RE: The real religion?
August 16, 2016 at 11:29 am
(This post was last modified: August 16, 2016 at 11:33 am by Crossless2.0.)
(August 16, 2016 at 10:30 am)SteveII Wrote:(August 13, 2016 at 5:09 am)bennyboy Wrote: You didn't assert anything? Do you want to link the many, many, many unsupportable assertions you've made in this thread?
The difference between my speculation about superstitious behavior is that it's a connection of very basic principles: animals want to live, they have instincts, and the instincts cause behaviors. I'm not bothered by the possibility that it may be wrong, so long as in the meantime I'm making sensible inferences.
The same is easily observed in humans. Humans have ALL KINDS of superstitious beliefs, only some of which are Christian religious. But their beliefs are a response to how they feel, i.e. their instincts. You yourself have said that among the many benefits of the Christian religion are how it makes you feel: deep peace, etc. and that Christianity is therefore a special snowflake, since no other religion makes people feel the way the Christian religion does. This is an ASSERTION, by the way.

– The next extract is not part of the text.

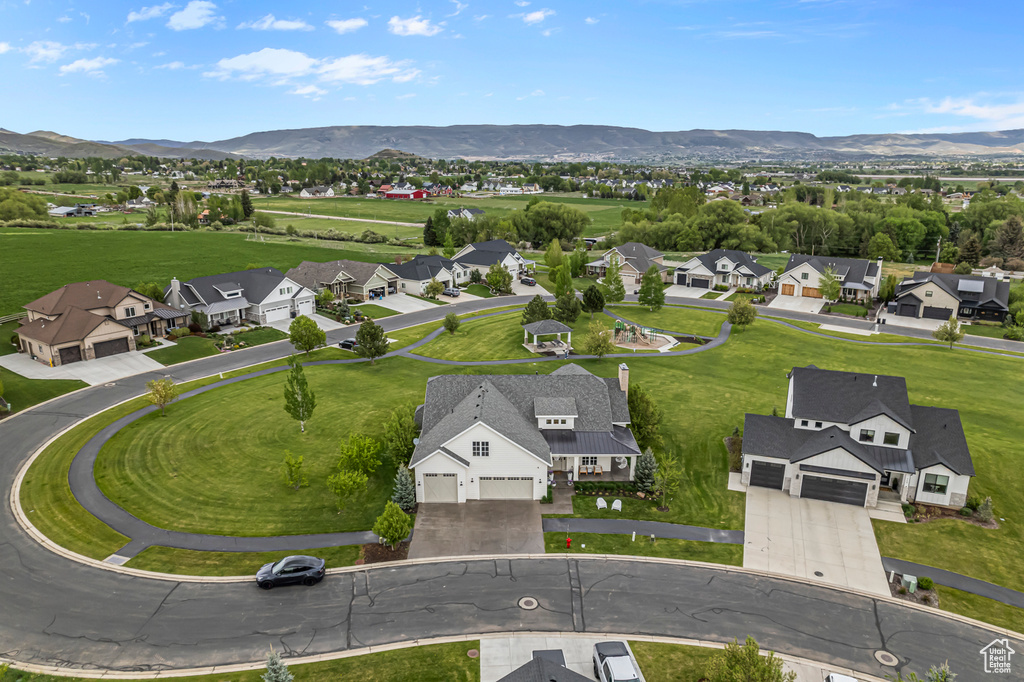 Aerial view of residential area featuring mountains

At any rate, fine, you have feelings. How do you go from "I have feelings" to "the feelings are about God," if you cannot establish that God exists except BY your feelings? Where's that point of convergence that lets you bridge from one to the other?
You might want to look up a picture of a circle, and then ask yourself if your circular path is likely to lead to forward progress in your thinking.

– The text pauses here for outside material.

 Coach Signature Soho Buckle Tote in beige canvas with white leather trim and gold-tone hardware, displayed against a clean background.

You responded to a comment where I mentioned that psychologist believe there is a god-shaped hole in our psyche. Not my assertion. I did assert other things. You didn't respond to those however.
The point of the conversation about 'is belief in God properly basic' (as opposed to just basic) centers around the fact that it is an intuition (not inferred--based on evidence) that God exists and therefore is warranted (as opposed to justified) to believe so. They only way to defeat this position is to show this belief to be false. Simply proposing another way this intuition may have developed is not a defeater.
The conclusion of this line of reasoning is that you (the atheist) are not justified in complaining that a Christian's belief in God is irrational. While there is other evidence, none is required if belief in God is 'properly basic'.
This post adequately demonstrates the sleight-of-hand Christians indulge in when they play the Plantinga 'properly basic' card. Whether belief in God (or, more accurately, a god) is properly basic is debatable but of no particular concern to me. If that's all you claim, Steve, then you are in exactly the same boat as any other theist, of any stripe, should they make the same claim. But that's not what you're up to, is it? Captial-G god (your god) is not believed in by way of intuition. It comes with a baggage train of claims concerning its qualities that are derived from your holy book. Belief in the Christian god cannot, by its nature, be properly basic and you have done nothing to bridge the chasm between a deist god (which might, arguably, be basic) and your god, except to repeat claims nobody else is buying. If we did, we'd be Christians.